# WHAT YOU WILL DO
Because the copy must hold no pictures, return the data below with all of its words intact.

# DATA
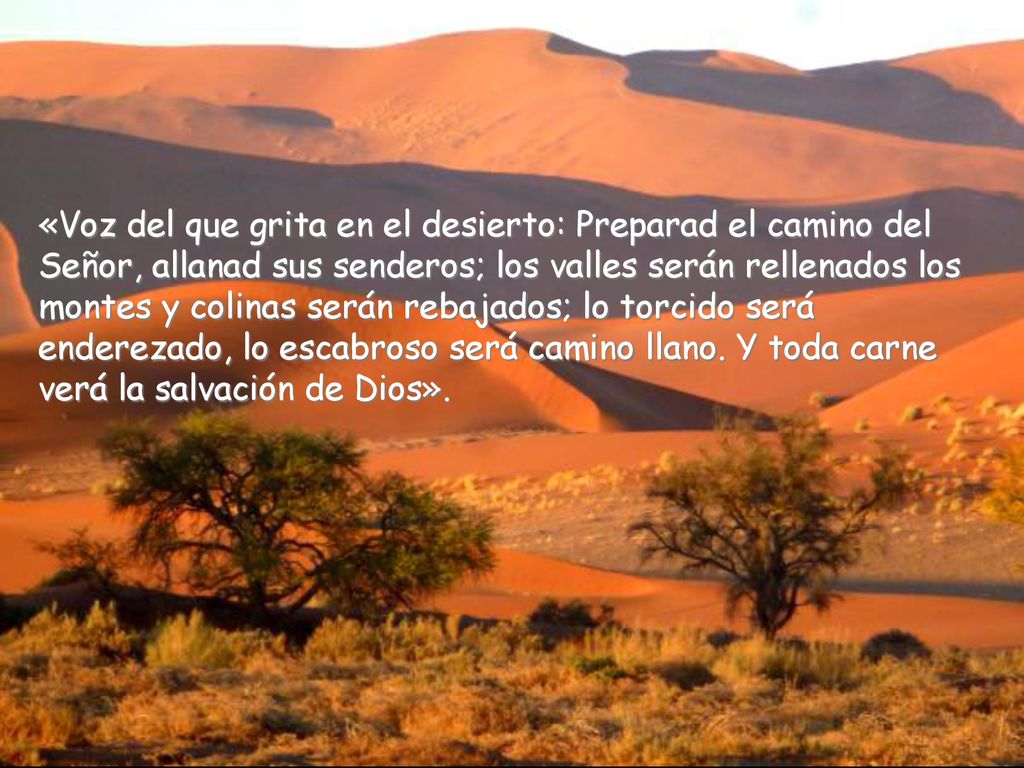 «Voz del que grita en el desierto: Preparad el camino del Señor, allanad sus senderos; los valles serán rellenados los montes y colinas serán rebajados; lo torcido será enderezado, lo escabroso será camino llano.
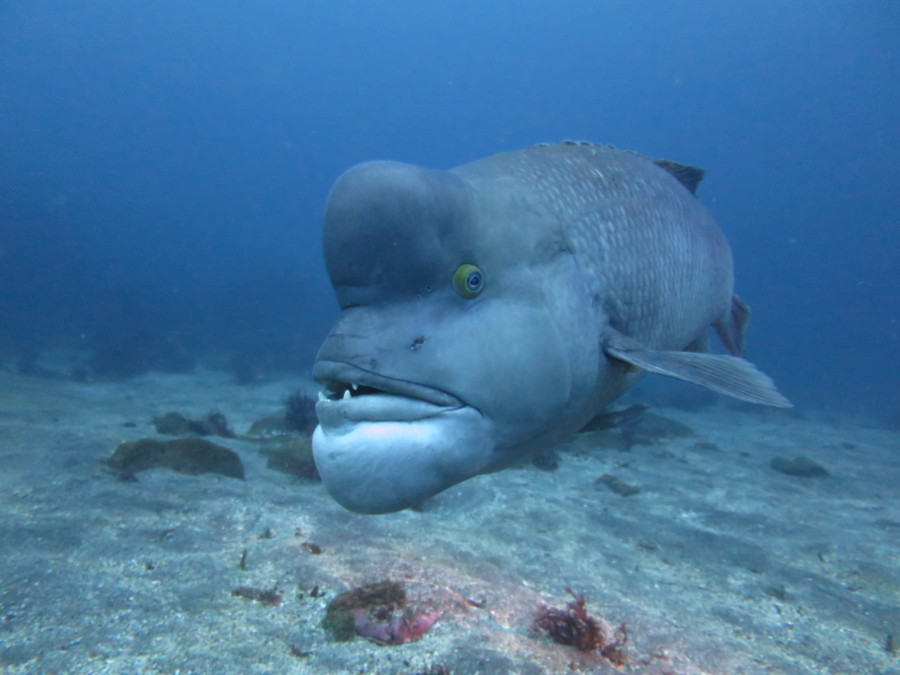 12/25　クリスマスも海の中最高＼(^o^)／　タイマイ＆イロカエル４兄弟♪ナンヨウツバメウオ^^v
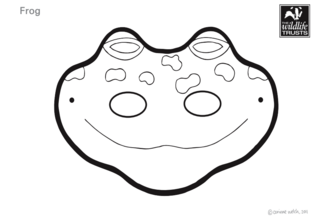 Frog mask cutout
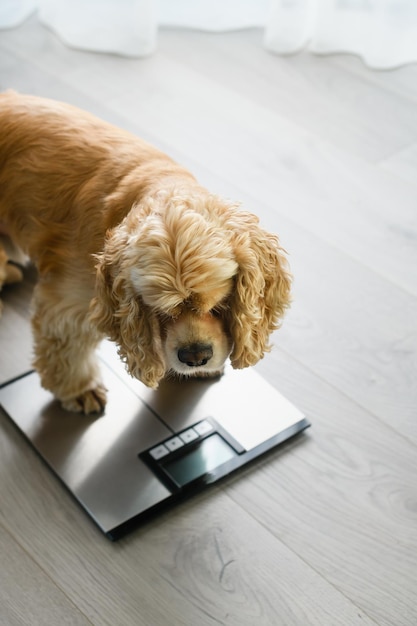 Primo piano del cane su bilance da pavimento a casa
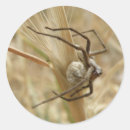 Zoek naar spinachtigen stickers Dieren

# ANSWER SPACE
 «Voz del que grita en el desierto: Preparad el camino del Señor, allanad sus senderos; los valles serán rellenados los montes y colinas serán rebajados; lo torcido será enderezado, lo escabroso será camino llano.
 12/25　クリスマスも海の中最高＼(^o^)／　タイマイ＆イロカエル４兄弟♪ナンヨウツバメウオ^^v
 Frog mask cutout
 Primo piano del cane su bilance da pavimento a casa
 Zoek naar spinachtigen stickers Dieren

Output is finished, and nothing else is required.